=== Work item ===
Everything in the data below is left aside except the lines from the one containing "Of Yachts and Men" through the one containing "Santa Train Car"; repeat those exactly.

=== Data in this exercise ===
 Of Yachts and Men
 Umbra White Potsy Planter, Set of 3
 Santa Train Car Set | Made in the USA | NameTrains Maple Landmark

...

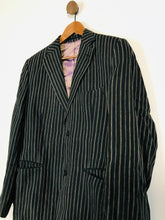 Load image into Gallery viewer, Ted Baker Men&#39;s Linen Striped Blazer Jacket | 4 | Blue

=== Response below ===
 Of Yachts and Men
 Umbra White Potsy Planter, Set of 3
 Santa Train Car Set | Made in the USA | NameTrains Maple Landmark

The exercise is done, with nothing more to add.